Train a neural network

Once a neural network is created, it can be trained. To train a neural network, training data is required. If you have a system, that produces the output \(\underline{y}\), when given the input \(\underline{p}\) (see figure 6), \((\underline{p},\underline{y})\) represents one sample of training data.

_images/training_sample.png

Figure 6: A system with input \(\underline{p}\) and output \(\underline{y}\)

For training neural networks usually more than one data sample is required to obtain good results. Therefore the training data is defined by an input matrix \(\widetilde{P}\) and an output (or target) matrix \(\widetilde{Y}\) containing \(Q\) samples of training data. For static systems (feed forward neural networks) it is only important that element \(q\) of the input matrix corresponds to element \(q\) of the output matrix (in any given order). For dynamic systems (recurrent neural networks) the samples have to be in the correct time order. For both systems, the training data should represent the system as good as possible.

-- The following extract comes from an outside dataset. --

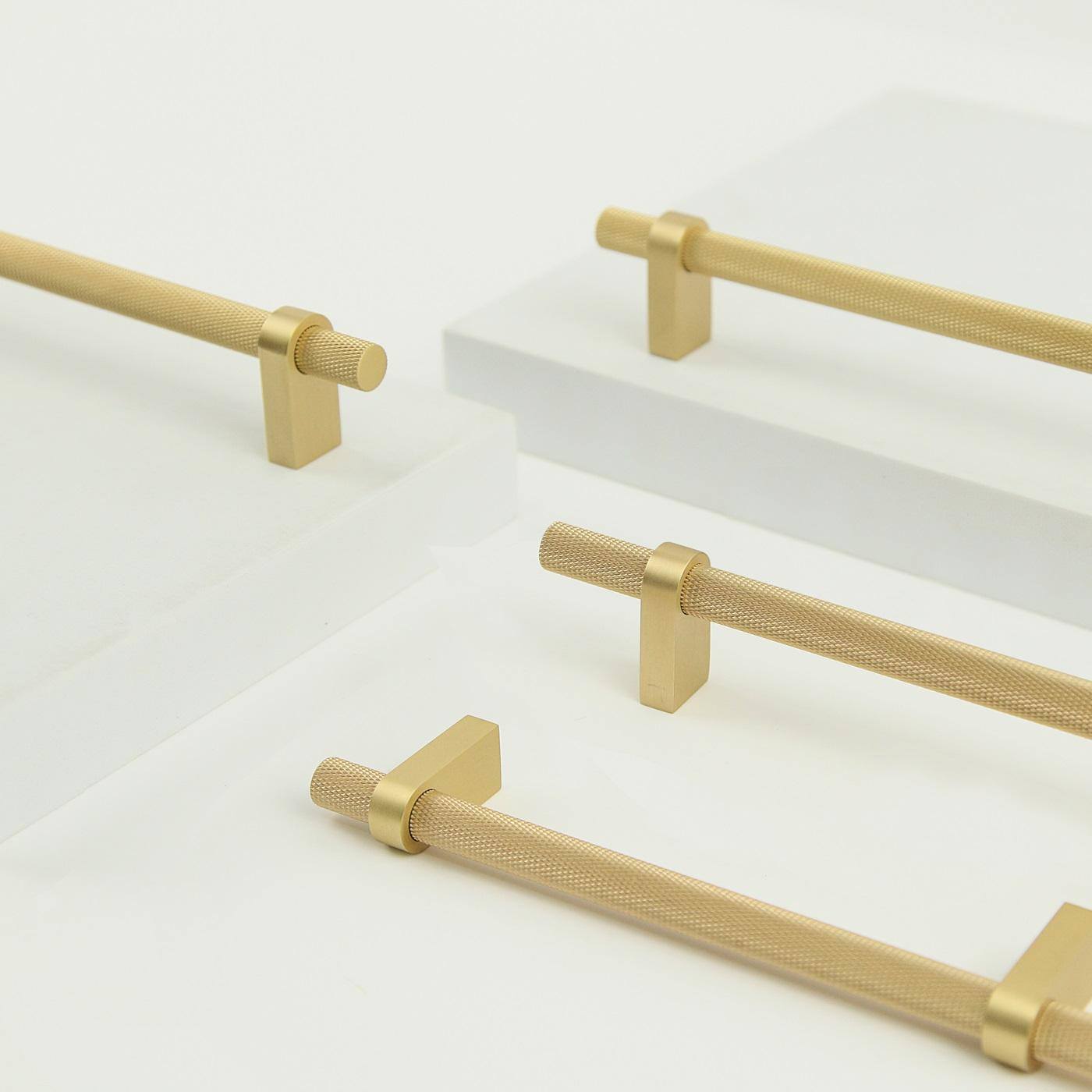 The Monarch Knurled Pull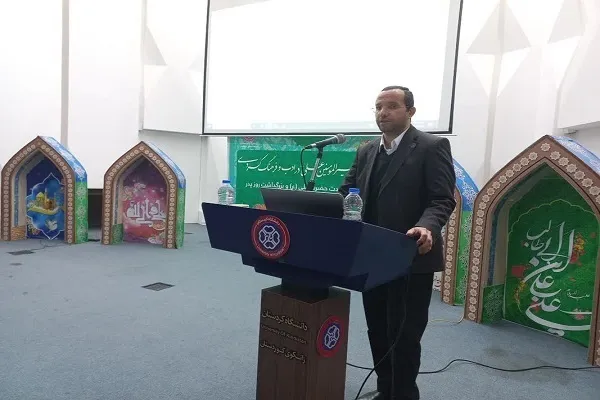 اختتامیه همایش «امیرالمؤمنین علی (ع) در ادب و فرهنگ کُردی» در کردستان برگزار شد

_images/training_matrix.png

Figure 7: Generated training data set \(\widetilde{P}\) and \(\widetilde{Y}\) of a system

\[\begin{split}\widetilde{P} = \begin{bmatrix} \underline{p}[1] & \underline{p}[2] & ... &\underline{p}[q] & ... &\underline{p}[Q] \end{bmatrix}\\ \widetilde{Y} = \begin{bmatrix} \underline{y}[1] & \underline{y}[2] & ... &\underline{y}[q] & ... &\underline{y}[Q] \end{bmatrix}\\\end{split}\]

With the training data, the neural network can be trained. Training a neural network means, that all weights in the weight vector \(\underline{w}\), which contains all connection weights \(\widetilde{IW}\) and \(\widetilde{LW}\) and all bias weights \(\underline{b}\), are updated step by step, such that the neural network output \(\hat{\widetilde{Y}}\) matches the training data output (target) \(\widetilde{Y}\). The objective of this optimization is to minimize the error \(E\) (cost function) between neural network and system outputs.

_images/training.png

Figure 8: Training a neural network

Note

Generally there are different methods to calculate the error \(E\) (cost function) for neural network training. In pyrenn always the mean squared error is used, which is necessary to apply the Levenberg-Marquardt algorithm.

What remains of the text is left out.